The usual way of measuring the winding temperature is the Resistance Method from the NEMA MG 1 spec. It's not difficult but you can't do it with a common Ohmmeter and it can involve some personal risk. For that reason I am not going to describe the method.

*Results*

The Harbor Freight has no nameplate. The full load current and insulation class are unknown, so I started at a low current value and worked my way up. Each test takes an hour to reach a stable temperature and several to cool down. When I got to the third value of 15.8A the temperature rise was 85C so I stopped. Not knowing the temperature rating of the motor I really didn't want to run it for an hour above that.
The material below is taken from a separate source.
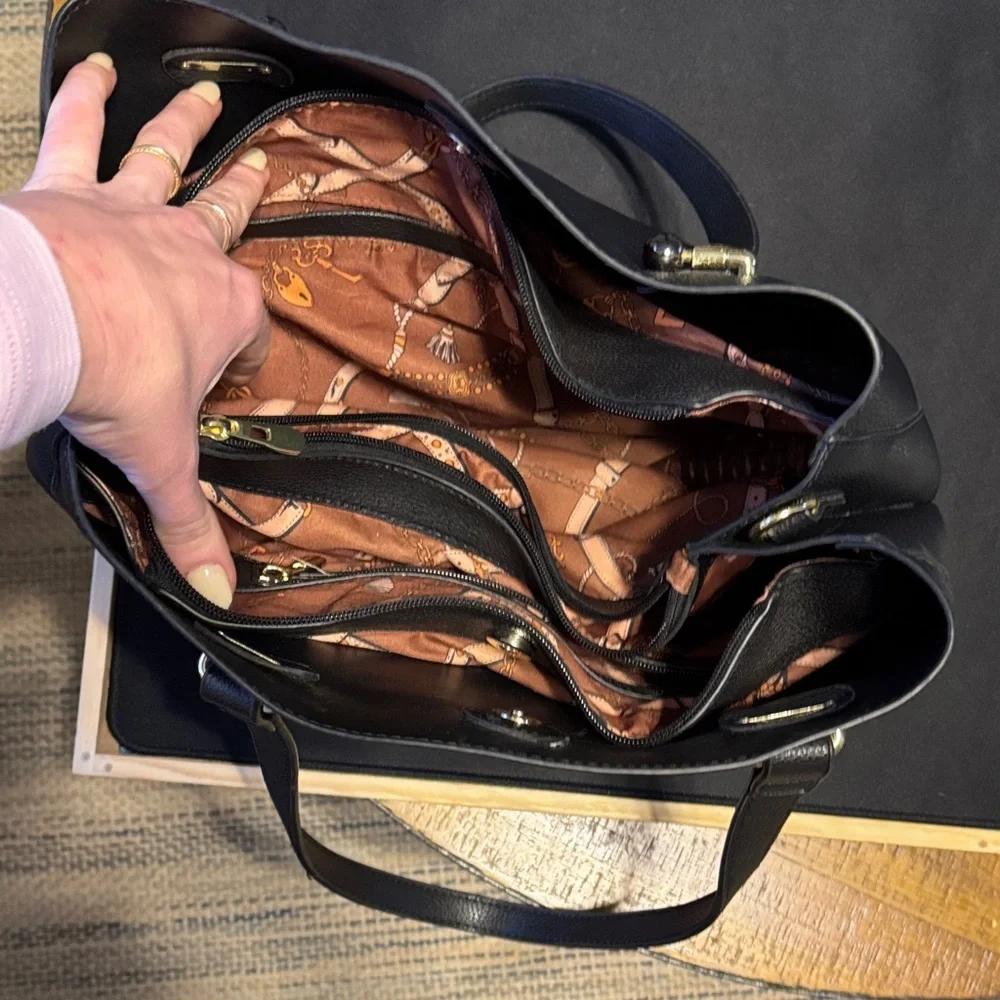 Elegant Black Women's Tote Bag - Picture 4 of 8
The curve fit is simple square law. Above 16A it's an extrapolation. At some point above that, I don't know where, the curve will get steeper because the resistance of the windings increases with temperature. The motor might actually go into thermal runaway and the curve turn into a hockey stick. Above 16A the curve should be seen as a minimum, temperature rise will be at least what's shown.


----------



## 1965scooper (Oct 24, 2013)

clagwell said:


> *Help! My motor's smoking!*
> 
> Well, no, it's not really. I was just afraid that no one would look at a post with a boring title like "Temperature Rise".
> 
> ...


Clagwell, you've earned my respect and admiration for conducting this analysis and providing everyone with a cogent summary. Alas, I'm an aging English major. Information like yours only increases my math anxiety and will cause nightmares involving issues with junior high school algebra.

So, pardon me for not fully understanding. I'll just follow two rules:

1. When you buy cheap, you often end up buying twice.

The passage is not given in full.